Updated on September 17, 2009

Writing a Eulogy

Why We Write Funeral Speeches

When you write a funeral speech, or eulogy, you're not only honoring the person who has died; you're also honoring his family and friends. You're telling your listeners that this person's life had an impact: on you, on his family, friends, neighbors and co-workers, on the community and even on the world.

Getting Started

Begin your speech by giving the facts: date and place of birth, town where she grew up, parents' and siblings' names, spouse and children, if any. You can talk about where she went to college, her occupation, honors, awards, organizations of which she was a member, or anything that you think is relevant or that those who didn't know her well would be interested in learning.

Write the Life

Write about your personal experience of him. If you have a favorite story that you've been telling for years, don't hold back. Tell it again. Even if your listeners have heard it before, it willl be comforting to hear a familiar story, especially one that illustrates some positive quality of the person they loved.

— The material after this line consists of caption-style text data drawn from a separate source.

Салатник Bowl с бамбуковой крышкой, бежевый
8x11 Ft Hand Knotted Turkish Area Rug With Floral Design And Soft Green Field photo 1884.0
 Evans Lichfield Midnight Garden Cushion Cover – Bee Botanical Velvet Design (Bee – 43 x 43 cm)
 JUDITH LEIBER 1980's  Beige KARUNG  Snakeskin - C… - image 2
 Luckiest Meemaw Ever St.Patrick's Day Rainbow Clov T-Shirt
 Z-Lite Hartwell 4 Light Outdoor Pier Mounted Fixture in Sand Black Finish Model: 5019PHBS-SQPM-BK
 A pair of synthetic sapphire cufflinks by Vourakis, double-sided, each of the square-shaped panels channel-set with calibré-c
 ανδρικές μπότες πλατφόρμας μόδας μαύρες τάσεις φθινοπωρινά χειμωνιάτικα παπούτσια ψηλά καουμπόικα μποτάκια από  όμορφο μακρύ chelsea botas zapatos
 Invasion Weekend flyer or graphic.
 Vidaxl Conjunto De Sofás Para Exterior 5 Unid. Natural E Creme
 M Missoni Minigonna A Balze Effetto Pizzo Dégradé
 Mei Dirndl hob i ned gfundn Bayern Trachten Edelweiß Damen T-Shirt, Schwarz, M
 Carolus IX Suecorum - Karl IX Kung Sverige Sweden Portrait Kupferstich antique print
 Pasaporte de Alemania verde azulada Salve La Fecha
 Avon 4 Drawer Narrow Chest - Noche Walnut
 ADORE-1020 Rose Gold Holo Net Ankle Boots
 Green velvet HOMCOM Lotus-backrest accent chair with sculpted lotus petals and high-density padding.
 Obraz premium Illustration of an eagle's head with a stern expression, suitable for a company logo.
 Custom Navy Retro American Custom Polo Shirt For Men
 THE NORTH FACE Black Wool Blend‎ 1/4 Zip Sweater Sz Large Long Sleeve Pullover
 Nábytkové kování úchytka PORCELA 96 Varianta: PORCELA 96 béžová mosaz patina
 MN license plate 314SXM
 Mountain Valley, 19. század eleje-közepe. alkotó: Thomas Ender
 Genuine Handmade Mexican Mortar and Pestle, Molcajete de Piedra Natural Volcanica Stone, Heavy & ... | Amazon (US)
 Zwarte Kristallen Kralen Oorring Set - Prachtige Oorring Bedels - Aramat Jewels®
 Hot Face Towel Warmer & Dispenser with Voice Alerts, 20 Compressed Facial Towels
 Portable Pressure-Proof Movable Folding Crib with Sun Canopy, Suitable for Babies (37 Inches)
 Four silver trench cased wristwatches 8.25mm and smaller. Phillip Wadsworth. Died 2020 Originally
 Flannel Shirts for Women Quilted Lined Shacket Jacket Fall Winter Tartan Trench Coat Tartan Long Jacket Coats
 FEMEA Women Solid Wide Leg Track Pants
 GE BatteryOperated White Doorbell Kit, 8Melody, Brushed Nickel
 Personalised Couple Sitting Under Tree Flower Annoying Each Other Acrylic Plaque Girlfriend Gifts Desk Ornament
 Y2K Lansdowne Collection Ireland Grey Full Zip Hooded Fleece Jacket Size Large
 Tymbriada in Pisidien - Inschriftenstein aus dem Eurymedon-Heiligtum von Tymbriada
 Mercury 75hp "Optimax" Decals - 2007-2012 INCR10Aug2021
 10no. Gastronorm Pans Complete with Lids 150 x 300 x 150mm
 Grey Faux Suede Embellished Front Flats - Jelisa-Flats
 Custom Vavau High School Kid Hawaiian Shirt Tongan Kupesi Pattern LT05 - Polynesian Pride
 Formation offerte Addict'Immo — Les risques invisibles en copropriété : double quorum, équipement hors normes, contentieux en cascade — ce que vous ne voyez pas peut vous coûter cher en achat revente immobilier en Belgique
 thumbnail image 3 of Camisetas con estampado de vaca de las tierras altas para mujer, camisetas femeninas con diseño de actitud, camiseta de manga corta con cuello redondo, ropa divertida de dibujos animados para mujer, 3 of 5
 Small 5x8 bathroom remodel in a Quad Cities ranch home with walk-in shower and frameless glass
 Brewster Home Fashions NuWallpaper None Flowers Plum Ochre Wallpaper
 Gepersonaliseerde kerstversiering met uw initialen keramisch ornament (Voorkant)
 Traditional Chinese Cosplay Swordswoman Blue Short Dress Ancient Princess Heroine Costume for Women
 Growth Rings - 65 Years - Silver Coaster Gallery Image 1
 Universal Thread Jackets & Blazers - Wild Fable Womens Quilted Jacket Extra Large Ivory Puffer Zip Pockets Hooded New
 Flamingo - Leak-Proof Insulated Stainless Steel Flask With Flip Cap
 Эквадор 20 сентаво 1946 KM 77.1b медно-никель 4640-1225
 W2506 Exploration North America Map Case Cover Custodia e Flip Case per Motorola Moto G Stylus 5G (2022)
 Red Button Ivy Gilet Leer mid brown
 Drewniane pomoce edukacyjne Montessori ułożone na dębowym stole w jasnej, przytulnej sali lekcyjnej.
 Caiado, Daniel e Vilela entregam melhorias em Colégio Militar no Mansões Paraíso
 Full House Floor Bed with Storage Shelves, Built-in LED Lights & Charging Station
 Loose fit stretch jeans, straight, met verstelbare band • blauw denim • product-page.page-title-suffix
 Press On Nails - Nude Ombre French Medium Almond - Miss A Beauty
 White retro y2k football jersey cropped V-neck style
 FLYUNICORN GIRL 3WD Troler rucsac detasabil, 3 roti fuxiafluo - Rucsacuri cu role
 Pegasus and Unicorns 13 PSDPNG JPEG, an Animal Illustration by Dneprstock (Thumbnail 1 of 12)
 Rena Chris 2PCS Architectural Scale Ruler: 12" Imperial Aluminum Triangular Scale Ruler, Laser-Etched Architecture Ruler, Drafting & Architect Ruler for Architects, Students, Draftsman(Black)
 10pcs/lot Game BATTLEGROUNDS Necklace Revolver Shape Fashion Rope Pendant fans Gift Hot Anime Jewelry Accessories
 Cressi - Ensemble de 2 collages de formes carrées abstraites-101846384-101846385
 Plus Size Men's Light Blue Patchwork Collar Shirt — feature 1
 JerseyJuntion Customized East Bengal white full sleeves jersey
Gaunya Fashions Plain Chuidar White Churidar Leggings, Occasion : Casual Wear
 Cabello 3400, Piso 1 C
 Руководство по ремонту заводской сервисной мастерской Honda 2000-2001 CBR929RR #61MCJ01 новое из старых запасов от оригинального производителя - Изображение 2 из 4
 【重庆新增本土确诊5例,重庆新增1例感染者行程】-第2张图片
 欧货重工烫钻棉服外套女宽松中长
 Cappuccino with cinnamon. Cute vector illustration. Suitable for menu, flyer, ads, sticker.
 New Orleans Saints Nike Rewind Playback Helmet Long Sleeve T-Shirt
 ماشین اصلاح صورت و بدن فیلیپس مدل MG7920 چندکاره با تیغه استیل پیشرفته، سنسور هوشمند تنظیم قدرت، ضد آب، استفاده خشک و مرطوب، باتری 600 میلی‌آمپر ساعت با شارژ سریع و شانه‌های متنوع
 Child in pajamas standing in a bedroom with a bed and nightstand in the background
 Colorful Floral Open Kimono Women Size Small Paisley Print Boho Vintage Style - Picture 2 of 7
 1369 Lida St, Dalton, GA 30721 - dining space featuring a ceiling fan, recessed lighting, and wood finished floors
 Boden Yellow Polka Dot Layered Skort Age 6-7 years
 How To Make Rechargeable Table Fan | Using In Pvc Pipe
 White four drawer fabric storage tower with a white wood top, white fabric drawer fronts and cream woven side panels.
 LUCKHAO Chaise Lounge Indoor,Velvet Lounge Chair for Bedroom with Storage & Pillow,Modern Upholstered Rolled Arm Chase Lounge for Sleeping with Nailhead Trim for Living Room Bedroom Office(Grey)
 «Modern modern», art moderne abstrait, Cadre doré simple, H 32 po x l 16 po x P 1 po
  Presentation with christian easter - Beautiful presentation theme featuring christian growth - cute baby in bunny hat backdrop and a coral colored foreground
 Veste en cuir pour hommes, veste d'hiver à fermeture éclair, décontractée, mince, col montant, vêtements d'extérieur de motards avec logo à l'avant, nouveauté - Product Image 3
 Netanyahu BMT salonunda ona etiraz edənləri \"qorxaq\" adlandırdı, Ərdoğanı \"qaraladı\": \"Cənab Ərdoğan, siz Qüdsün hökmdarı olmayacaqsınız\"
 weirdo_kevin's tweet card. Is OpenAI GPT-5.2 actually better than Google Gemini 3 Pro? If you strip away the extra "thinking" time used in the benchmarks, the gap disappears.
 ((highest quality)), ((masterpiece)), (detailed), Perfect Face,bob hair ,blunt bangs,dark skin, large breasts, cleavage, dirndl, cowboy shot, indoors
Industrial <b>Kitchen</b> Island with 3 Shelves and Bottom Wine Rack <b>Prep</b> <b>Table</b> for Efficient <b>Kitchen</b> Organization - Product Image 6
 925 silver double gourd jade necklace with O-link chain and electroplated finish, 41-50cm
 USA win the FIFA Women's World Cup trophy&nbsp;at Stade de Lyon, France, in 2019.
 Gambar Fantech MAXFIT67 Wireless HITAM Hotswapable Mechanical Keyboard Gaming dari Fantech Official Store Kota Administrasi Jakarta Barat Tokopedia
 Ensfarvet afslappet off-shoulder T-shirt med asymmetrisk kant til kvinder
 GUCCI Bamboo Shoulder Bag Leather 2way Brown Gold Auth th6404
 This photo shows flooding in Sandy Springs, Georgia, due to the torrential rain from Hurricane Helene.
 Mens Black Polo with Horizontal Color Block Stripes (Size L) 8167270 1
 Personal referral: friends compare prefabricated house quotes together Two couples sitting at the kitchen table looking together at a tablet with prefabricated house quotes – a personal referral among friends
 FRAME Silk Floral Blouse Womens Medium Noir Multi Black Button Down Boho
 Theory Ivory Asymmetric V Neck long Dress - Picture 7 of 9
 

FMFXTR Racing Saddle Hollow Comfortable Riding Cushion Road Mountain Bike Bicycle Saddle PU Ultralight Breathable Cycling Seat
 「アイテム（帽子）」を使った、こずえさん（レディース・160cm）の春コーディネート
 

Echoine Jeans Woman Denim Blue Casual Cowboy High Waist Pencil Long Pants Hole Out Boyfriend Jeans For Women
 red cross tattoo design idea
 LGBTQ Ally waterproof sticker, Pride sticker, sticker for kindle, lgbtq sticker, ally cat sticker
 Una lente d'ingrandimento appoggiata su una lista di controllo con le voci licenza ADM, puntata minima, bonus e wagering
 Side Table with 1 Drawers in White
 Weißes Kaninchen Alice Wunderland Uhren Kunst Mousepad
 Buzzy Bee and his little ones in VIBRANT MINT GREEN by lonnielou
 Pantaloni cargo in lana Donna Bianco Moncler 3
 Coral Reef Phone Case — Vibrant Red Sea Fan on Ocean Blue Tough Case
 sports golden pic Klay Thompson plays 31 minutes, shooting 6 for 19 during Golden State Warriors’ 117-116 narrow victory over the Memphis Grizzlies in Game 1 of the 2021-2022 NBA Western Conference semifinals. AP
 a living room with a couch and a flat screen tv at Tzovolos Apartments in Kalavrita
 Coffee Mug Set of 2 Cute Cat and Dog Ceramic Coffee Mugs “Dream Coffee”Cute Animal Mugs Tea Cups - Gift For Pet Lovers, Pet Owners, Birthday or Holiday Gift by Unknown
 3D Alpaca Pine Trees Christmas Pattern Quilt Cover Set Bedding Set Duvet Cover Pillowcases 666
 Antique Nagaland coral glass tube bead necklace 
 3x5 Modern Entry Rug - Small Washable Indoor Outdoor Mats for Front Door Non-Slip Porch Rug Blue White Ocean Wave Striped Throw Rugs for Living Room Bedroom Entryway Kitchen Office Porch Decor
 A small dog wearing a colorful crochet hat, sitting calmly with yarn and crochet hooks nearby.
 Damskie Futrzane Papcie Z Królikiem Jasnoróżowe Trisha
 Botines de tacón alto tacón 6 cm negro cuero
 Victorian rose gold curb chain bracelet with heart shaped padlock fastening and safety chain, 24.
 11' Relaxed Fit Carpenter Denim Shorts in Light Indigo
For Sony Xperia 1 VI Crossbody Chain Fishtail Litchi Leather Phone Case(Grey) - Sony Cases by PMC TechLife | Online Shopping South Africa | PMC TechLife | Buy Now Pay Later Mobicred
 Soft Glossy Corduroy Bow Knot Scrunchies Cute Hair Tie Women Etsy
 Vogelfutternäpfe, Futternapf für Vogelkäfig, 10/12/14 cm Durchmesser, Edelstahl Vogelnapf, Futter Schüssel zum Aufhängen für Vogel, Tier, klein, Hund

If you can't think of a story from your own experience, or you didn't know her that well, talk with her family and friends. Ask them about her childhood, her first job, her wedding if she married, her relationship with her spouse, her hobbies, her pets, her children, her "causes." Take notes. If you get too much material to use, count your blessings. Read over it and notice which stories really seem to tell you what kind of person she was, or which stories are just downright exciting or absorbing.

Write the story or stories you've chosen as if you were talking to one person. Make it conversational. Your grammar doesn't have to be perfect. It's more important that you convey the spirit of this person than that you use elegant language or perfect sentence construction.

Your speech doesn't have to be lengthy to have a big impact. If you choose one or two stories that really speak to the character of the person who's just died, you'll have written a successful eulogy.

It's Okay to Make People Chuckle at a Funeral

Don't be afraid to tell funny stories, as long as they won't embarrass anyone. Most people have been involved in something humorous or even hilarious in their lifetimes. And some people are just naturallly funny all their lives. If the person you're honoring was one of them, you'll probably have a gold mine of his amusing expressions and eccentric antics. In that case, if you didn't tell them, you'd be untrue to his spirit and nature.

Use Poems or Quotations

If you've chosen one story to tell and you'd like to add a poem or a quotation, you can find many appropriate funeral poems and quotations online. Here's just one site: Memories Are Forever! It's especially effective to end your speech with a quotation that sums up what you've been saying, or that describes the essence of the person. For example, if the person who has died would rather have you laugh than cry over her, you might use this quote from Isla Paschal Richardson: "Grieve not, nor speak of me with tears, but laugh and talk of me as if I were beside you there."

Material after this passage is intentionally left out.